俺たちのいるラハティ支部が、ギルド本部から表彰されたのである。
「まあ、ほとんどロランさんのお陰なんですけどねぇ~」
クエスト消化率や、ラハティ支部出身冒険者の躍進などなど。
それが、ギルドマスターからの手紙で称えられ、報奨金として五〇万リンが与えられた。
「都会でも何でもない町の支部が、本部から表彰されるなんて快挙よ、快挙」
「それは、みなさんの頑張りでしょう」
「本当に、謙遜の塊ね、あなた」
アイリス支部長が、呆れたように言って微笑んだ。
そしてその日、男女二人組の冒険者の諍い……痴話喧嘩のようなものだったが、ギルドの中ではじまり、魔法か炸薬系の薬品を使ったのか、ドカンと暴発。
入口や受付近辺が派手に吹き飛んだのだ。
幸い怪我人もなく、仕事に必須の書類も無事だった。
「修繕には一週間かかるんでしたっけ?」
「ええ。だから二泊三日の慰安旅行ができるのよ。報奨金も出たしね」
その期間は、ギルドは閉鎖することになった。
この旅行自体は自由参加だったが、褒賞を使うので諸経費は全部タダ。
「妾はゆくぞ……! 貴様殿は、我が家で退屈な時間を過ごすがよい!」
このことを知ったライラが俄然やる気を出したので、俺も同行することにした。
気がかりなこともひとつあった。
それに、ライラが言うように、家にいても鍛錬くらいしかやることがないのはたしかだ。
そして、今むかっているのは、最寄の港町コトカ。
海産物やら、他国から輸入した物品など珍しいものが並ぶという。
「お仕事頑張ったかいがありました。
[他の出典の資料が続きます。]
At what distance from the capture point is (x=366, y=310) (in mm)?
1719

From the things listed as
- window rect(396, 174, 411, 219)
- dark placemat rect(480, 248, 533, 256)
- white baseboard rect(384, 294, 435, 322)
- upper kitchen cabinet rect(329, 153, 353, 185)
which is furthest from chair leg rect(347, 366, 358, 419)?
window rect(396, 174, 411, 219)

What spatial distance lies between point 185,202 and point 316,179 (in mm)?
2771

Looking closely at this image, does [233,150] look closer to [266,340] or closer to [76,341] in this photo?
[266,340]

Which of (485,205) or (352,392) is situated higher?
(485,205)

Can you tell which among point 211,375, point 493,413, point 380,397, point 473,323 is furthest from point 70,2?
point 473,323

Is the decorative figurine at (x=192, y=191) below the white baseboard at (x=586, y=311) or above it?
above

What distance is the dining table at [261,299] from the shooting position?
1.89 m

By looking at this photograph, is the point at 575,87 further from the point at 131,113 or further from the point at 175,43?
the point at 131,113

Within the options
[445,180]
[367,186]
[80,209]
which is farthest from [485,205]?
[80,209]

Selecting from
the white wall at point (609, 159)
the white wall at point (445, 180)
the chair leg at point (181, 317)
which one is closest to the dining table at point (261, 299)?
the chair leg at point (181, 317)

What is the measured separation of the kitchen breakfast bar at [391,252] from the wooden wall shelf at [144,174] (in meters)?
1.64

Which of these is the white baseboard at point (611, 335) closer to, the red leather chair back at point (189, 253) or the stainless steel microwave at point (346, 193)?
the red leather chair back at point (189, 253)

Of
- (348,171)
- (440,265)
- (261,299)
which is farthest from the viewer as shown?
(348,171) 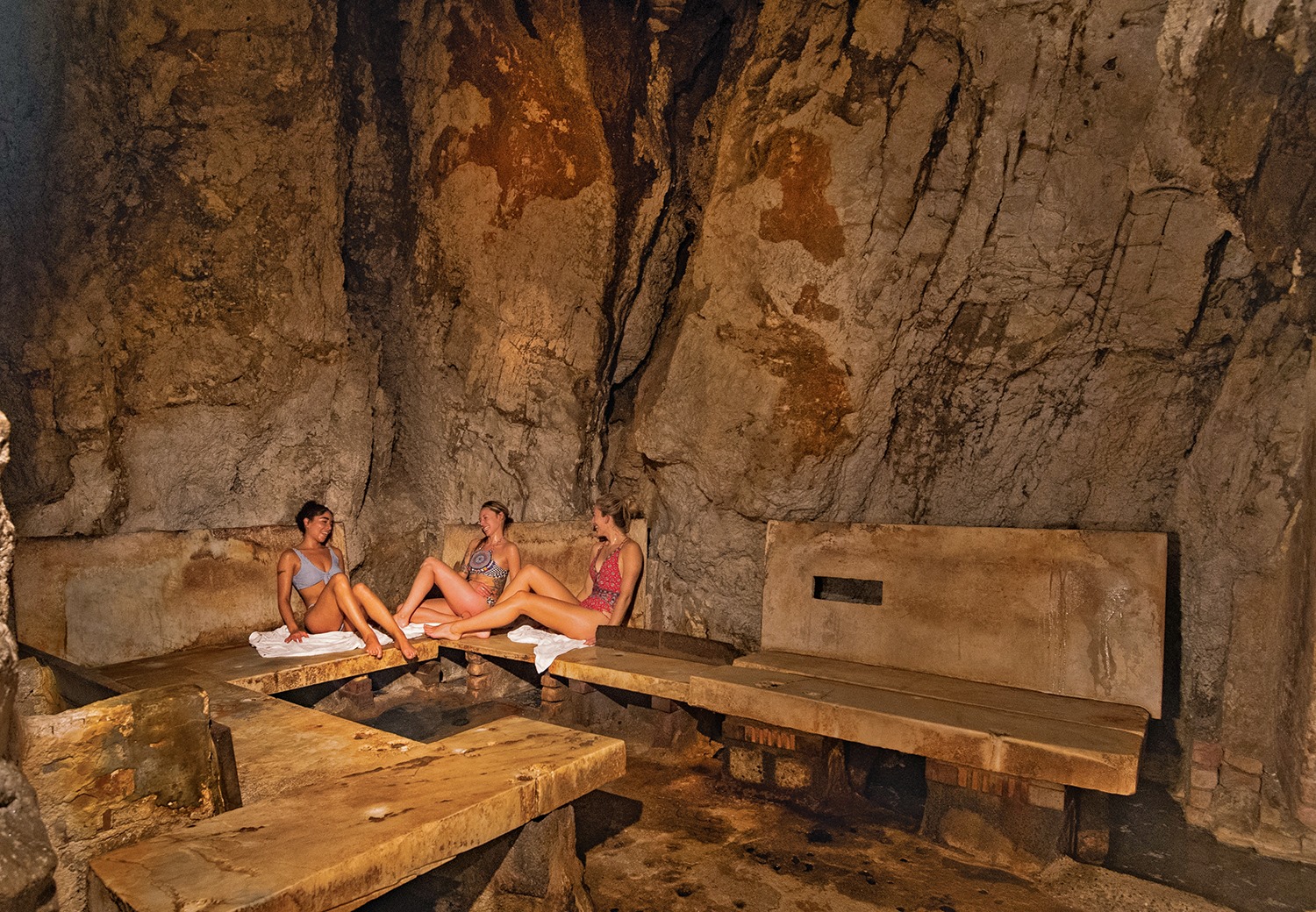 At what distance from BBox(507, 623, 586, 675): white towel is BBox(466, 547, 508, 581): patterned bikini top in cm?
45

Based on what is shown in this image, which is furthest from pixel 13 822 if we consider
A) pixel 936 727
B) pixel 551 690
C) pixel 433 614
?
pixel 433 614

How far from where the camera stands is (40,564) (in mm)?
5234

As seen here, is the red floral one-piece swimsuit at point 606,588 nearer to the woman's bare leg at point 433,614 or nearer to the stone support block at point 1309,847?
the woman's bare leg at point 433,614

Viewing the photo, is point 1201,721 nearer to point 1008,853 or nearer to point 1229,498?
point 1229,498

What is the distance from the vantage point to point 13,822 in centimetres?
164

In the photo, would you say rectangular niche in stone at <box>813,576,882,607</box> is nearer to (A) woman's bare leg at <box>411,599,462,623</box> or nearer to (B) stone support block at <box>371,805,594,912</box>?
(A) woman's bare leg at <box>411,599,462,623</box>

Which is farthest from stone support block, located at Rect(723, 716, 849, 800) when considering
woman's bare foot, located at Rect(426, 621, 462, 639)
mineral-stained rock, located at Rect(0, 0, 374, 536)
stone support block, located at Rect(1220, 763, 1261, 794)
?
mineral-stained rock, located at Rect(0, 0, 374, 536)

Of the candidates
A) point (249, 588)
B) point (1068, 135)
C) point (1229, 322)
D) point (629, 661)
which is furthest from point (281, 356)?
point (1229, 322)

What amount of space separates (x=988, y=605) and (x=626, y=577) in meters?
2.56

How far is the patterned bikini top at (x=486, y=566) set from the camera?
252 inches

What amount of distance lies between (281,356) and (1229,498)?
6840 millimetres

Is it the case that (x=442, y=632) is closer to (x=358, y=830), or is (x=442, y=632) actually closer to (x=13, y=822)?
(x=358, y=830)

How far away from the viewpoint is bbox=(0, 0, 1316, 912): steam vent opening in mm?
3555

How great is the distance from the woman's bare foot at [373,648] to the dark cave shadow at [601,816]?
1.84m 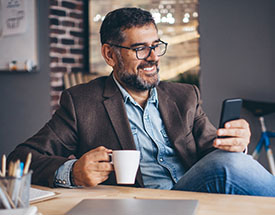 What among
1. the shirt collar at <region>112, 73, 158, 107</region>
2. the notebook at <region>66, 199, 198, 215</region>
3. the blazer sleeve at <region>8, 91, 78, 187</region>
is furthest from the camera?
the shirt collar at <region>112, 73, 158, 107</region>

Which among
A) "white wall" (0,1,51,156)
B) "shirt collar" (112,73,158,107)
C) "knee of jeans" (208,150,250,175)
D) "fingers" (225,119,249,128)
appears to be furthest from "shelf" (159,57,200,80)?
"knee of jeans" (208,150,250,175)

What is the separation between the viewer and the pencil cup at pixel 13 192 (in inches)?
34.3

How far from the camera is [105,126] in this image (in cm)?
177

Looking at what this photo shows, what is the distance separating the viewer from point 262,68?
11.2 ft

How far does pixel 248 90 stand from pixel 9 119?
2453 millimetres

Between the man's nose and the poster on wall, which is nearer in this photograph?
the man's nose

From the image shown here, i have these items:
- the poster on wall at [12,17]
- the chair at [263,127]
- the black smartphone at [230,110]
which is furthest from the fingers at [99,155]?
the poster on wall at [12,17]

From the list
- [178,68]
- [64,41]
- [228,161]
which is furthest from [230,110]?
[64,41]

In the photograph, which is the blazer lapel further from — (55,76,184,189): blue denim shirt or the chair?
the chair

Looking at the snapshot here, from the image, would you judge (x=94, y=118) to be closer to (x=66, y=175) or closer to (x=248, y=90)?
(x=66, y=175)

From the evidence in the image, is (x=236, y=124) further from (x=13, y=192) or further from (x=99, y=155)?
(x=13, y=192)

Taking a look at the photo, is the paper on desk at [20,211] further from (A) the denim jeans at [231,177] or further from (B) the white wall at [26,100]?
(B) the white wall at [26,100]

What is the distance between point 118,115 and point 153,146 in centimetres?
21

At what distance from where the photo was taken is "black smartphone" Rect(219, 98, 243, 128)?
1344 mm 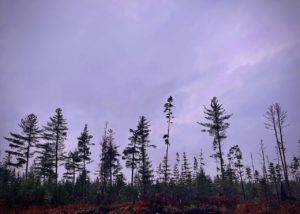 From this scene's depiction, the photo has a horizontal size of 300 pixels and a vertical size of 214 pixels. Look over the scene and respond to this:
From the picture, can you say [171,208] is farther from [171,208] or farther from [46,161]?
[46,161]

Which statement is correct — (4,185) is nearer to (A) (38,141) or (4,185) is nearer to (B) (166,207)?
(A) (38,141)

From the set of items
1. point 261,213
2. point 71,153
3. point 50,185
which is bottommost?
point 261,213

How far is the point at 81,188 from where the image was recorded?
125ft

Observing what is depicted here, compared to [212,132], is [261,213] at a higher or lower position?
lower

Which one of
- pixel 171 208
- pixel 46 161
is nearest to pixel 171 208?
pixel 171 208

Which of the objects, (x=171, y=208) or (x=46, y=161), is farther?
(x=46, y=161)

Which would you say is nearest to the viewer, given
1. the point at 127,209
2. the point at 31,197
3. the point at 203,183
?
the point at 127,209

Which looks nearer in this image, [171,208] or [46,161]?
[171,208]

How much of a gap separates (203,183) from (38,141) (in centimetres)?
3501

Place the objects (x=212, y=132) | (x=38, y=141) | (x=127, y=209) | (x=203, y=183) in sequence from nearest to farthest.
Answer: (x=127, y=209), (x=212, y=132), (x=38, y=141), (x=203, y=183)

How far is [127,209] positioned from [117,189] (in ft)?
62.2

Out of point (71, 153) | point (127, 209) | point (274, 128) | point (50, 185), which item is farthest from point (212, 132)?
point (71, 153)

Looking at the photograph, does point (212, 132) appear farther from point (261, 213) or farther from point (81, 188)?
point (81, 188)

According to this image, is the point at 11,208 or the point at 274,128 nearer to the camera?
the point at 11,208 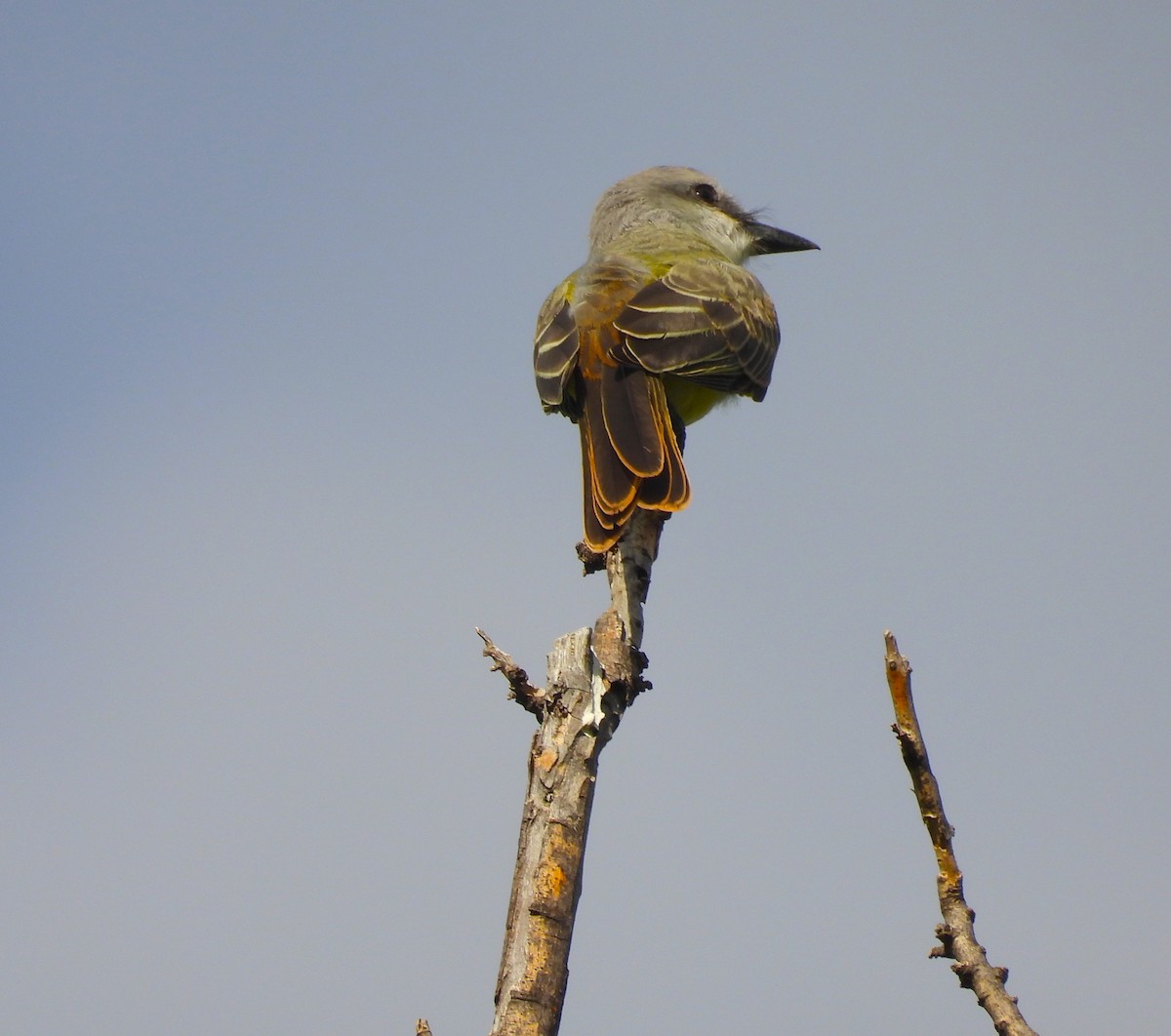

砂浜も近くにあるので、水着も持ってきたんです~」
鞄の中からミリアが水着を引っ張り出して見せた。
「あ、わたし持ってない」
「大丈夫、きっとあっちで売ってるって」
女子たちはきゃいきゃいはしゃいでいる。
「水着……?」
リュックから顔を出したライラが首をかしげていた。
砂浜と海を見てはしゃぐくらいだ。
魔界には海や川で泳ぐという概念がないようだ。
そもそも、浸かれるような自然の水がないのかもしれない。
「支部長も持ってきてるんですか?」
「わ、私はいいでしょ、別に……」
他の女子たちにニマニマされるアイリス支部長だった。
やがて馬車が港町に到着し、町の中心地からほどよく離れた宿にやってきた。
部屋の窓からは海が見え、なかなかいい雰囲気だった。
ライラを元の姿に戻す。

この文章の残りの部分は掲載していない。